Action item. Print, exactly as they stand, the lines below from the one that has "Ford Kuga MK3" to the one that has "戦国武将ではどのタイプ？(2022-03-30)", inclusive, leaving out the pictures.

Source data.
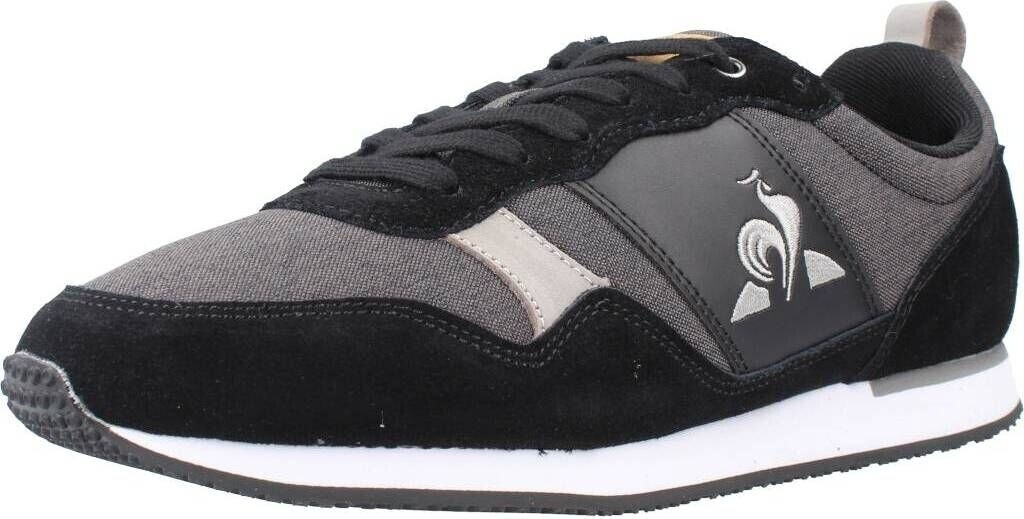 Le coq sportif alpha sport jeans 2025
...
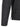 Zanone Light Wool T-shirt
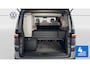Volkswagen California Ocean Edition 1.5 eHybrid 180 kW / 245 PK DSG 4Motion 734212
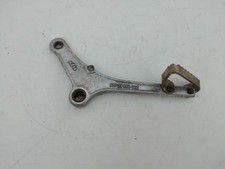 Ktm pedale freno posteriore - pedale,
==
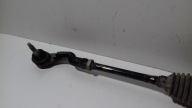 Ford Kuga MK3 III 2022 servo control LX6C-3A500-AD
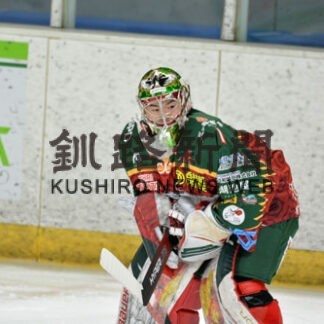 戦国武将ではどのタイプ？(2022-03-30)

Answer for this exercise.
 Ford Kuga MK3 III 2022 servo control LX6C-3A500-AD
 戦国武将ではどのタイプ？(2022-03-30)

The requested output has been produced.